- **What the task asks**
Please write out every line of the listing without alteration, but omit the images.

- **Data section**
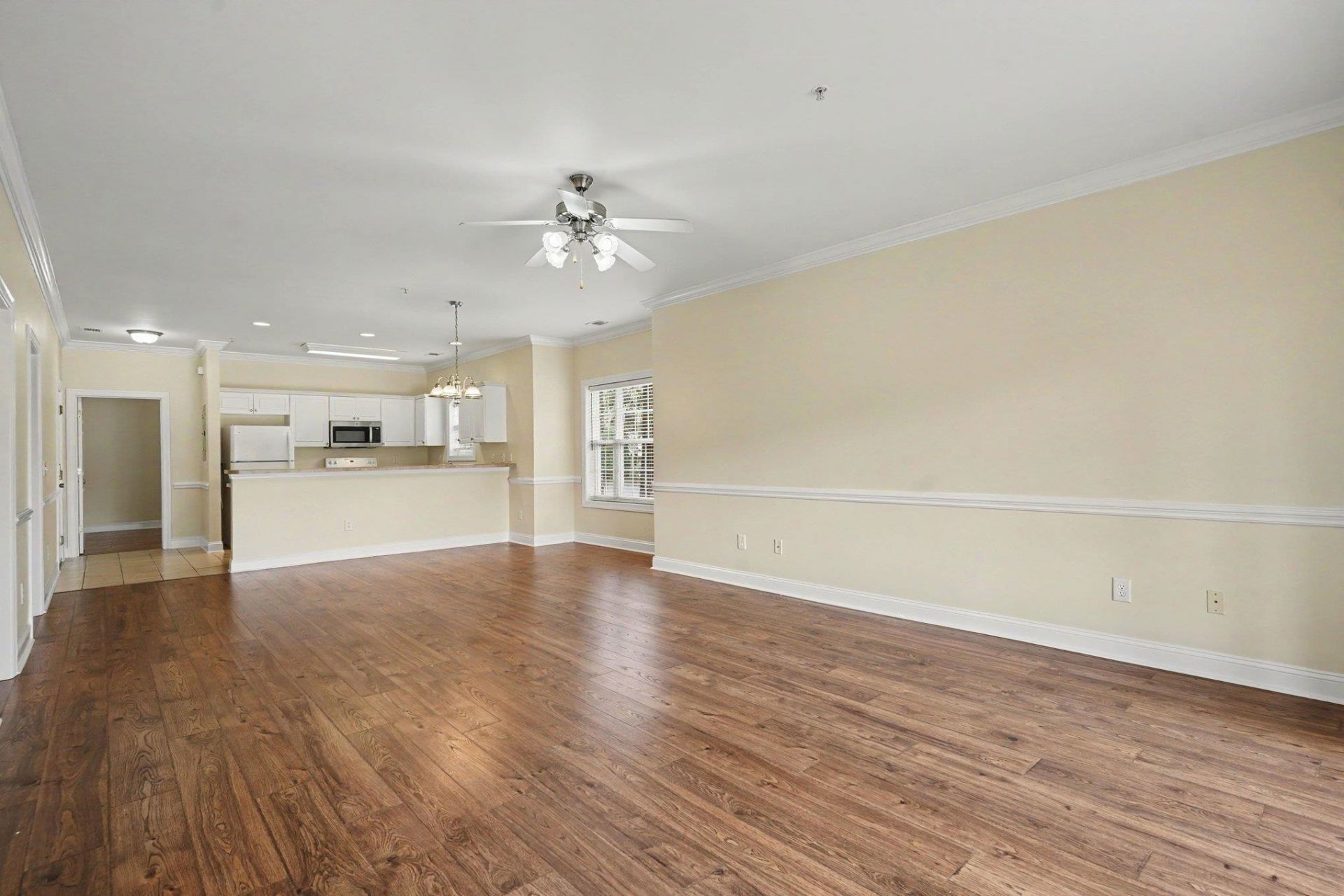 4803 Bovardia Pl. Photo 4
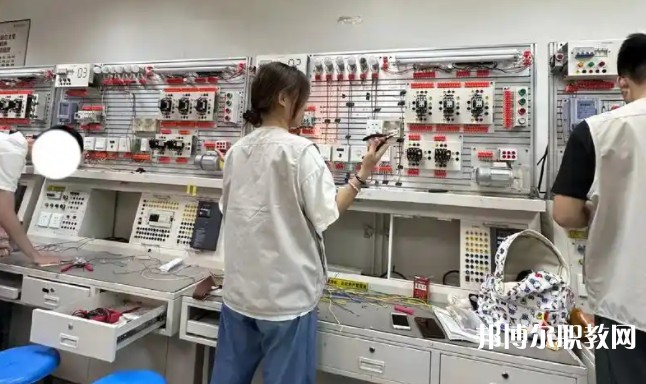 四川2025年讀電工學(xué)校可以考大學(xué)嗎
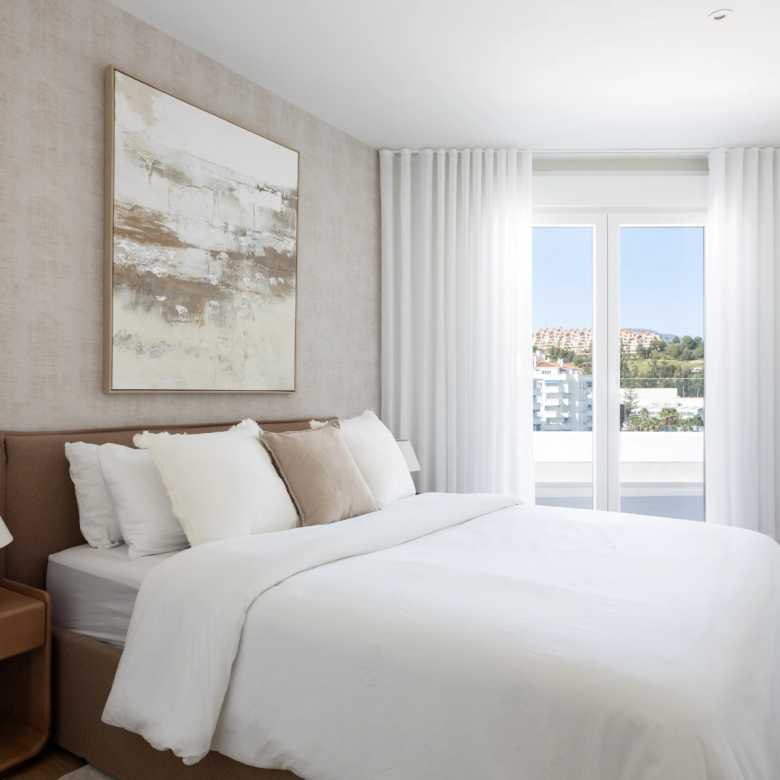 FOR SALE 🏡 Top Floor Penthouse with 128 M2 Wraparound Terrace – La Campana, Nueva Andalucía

- **Your response**
 4803 Bovardia Pl. Photo 4
 四川2025年讀電工學(xué)校可以考大學(xué)嗎
 FOR SALE 🏡 Top Floor Penthouse with 128 M2 Wraparound Terrace – La Campana, Nueva Andalucía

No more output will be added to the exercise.